L3Harris Technologies [LHX] last Thursday reported a loss in its third quarter largely due to a hefty impairment charge and also due to ongoing macroeconomic factors plaguing the U.S. and global economy.
The goodwill impairment charge of $802 million, $4.16 earnings per share (EPS), followed a review of the company’s businesses as part of its annual strategic planning and found two legacy L3Technologies units that are on “the lower end of the portfolio from a growth perspective” as they relate to Defense Department budget priorities, Michelle Turner, L3Harris chief financial officer, said during the company’s earnings call last Friday.
The net loss in the quarter was $350 million $1.56 EPS, versus $542 million ($2.39 EPS) of net income a year ago. Adjusting for the charge and other costs related the merger between Harris Corp. and L3, adjusted earnings increased a nickel to $3.26 EPS, 13 cents short of analysts’ estimates.
Sales in the quarter were flat at $4.2 billion, although organic growth was 3 percent, more than offsetting revenue lost from divestitures. So far in 2022, L3Harris has generated “several hundred million” in sales in support of Ukraine’s war against Russia, Christopher Kubasik, chairman and CEO of L3Harris, said on the call.
L3Harris had expected a contract to be signed late in the third quarter for an aircraft missionization program in the Middle East that’s worth 2 percent to the top line for the year, Kubasik said. He said the failure to sign the contract is due to “geopolitical” events and he didn’t say when it might be signed.
Supply chain disruptions, labor attrition and inflation were all challenges for the company in the quarter, just as with the rest of the defense industry. Supply chain disruptions, particularly related to electronic components, lowered sales by $70 million in the quarter, L3Harris said.

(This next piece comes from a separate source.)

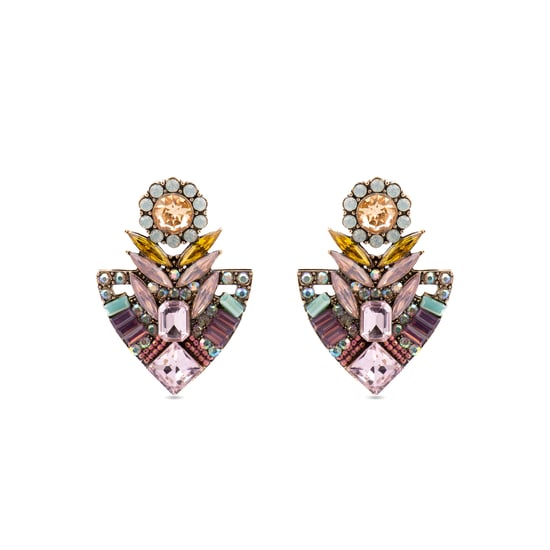 Pendientes Luxenter con Cristal Multicolor acabado oro 18k - Aphuat - Image 1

Turner highlighted that 25 percent of the company’s portfolio only recognizes sales when a product is delivered, noting that radios can’t be delivered until all the parts that make them up are supplied to L3Harris and put together in a finished product.

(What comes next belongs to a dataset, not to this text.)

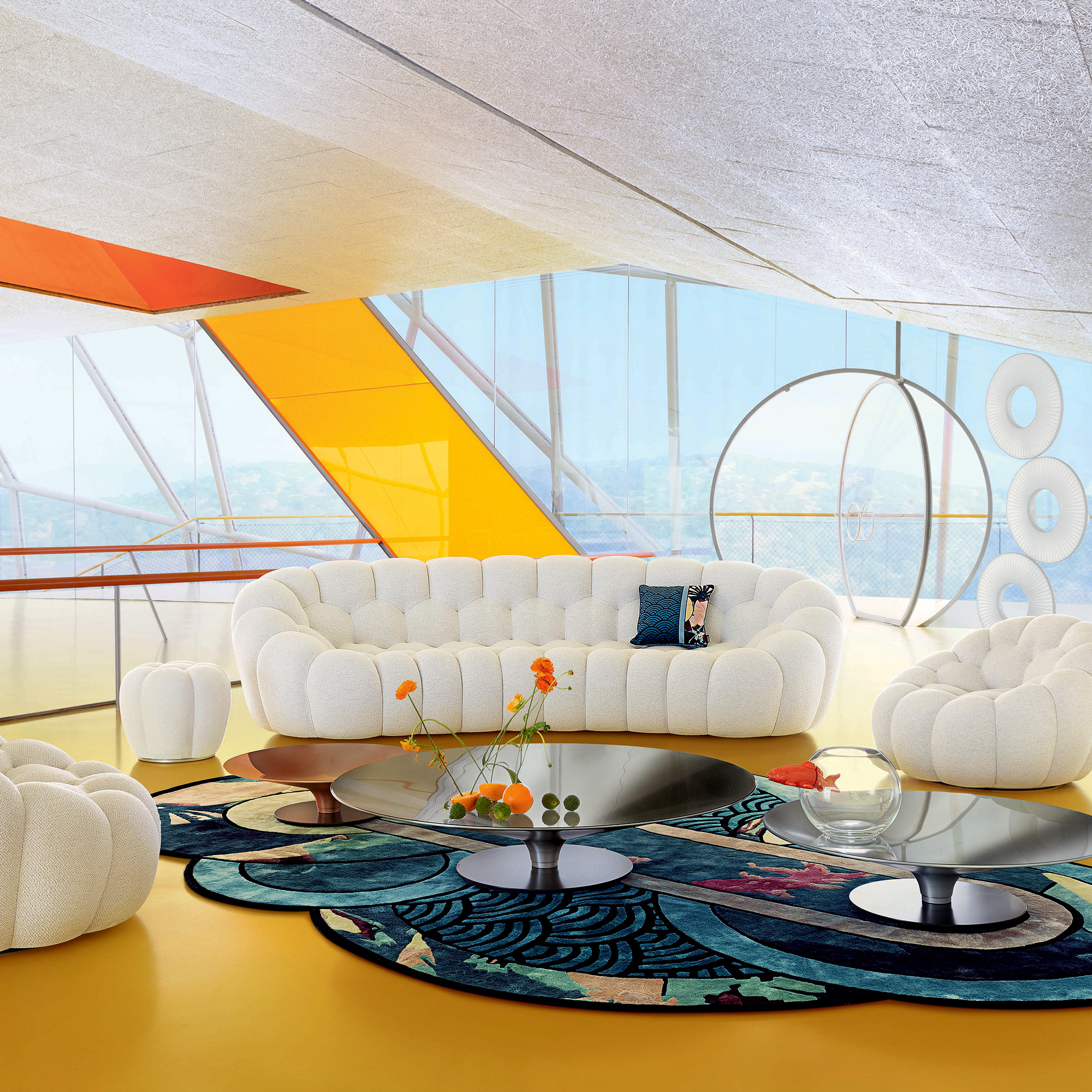 Ikonisches Bubble-Sofa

Kubasik, describing the challenge in detail, said L3Harris delivered 8,000 manpack and 4,000 handheld radios in the quarter, each with 10,000 and 5,000 parts, respectively.
“The bottom line is we needed 100, 100 million parts to deliver those 12,000 radios,” he said. “So, we monitor this on a daily basis. I would say we get 97 and a half percent of the parts in. As I said in my prepared comments if you don’t have all the parts, you can’t deliver a radio. You can deliver an airplane with missing parts. You can deliver a ship with missing parts. You can deliver a lot of things with missing parts but you can’t deliver a radio or arguably night vision goggles or cameras.”
Adjusted free cash flow in the quarter was $546 million and for the year is expected to be around $2 billion, about $100 million to $130 million lower than the prior outlook.
Sales for 2022 are forecast to be around $16 billion, down from the previous outlook of between $17.3 billion and $17.7 billion. Earnings are expected to be between $5.80 and $6.05 EPS versus prior guidance of between $10.75 and $11.05 EPS.
Orders in the quarter were a record at over $5 billion, representing a book to bill of nearly 1.2 times sales. The orders were driven in part by multiple prime contract awards, including $3 billion for U.S. Special Operations Command’s Armed Overwatch program, $800 million for the Space Development Agency’s tracking layer, and $400 million for an integrated Navy sensor and fire control system.
These wins demonstrate L3Harris’ success as a non-traditional prime contractor, Kubasik said.
Backlog at the end of the quarter stood at $21.4 billion, up a percent from $21.1 billion a year ago.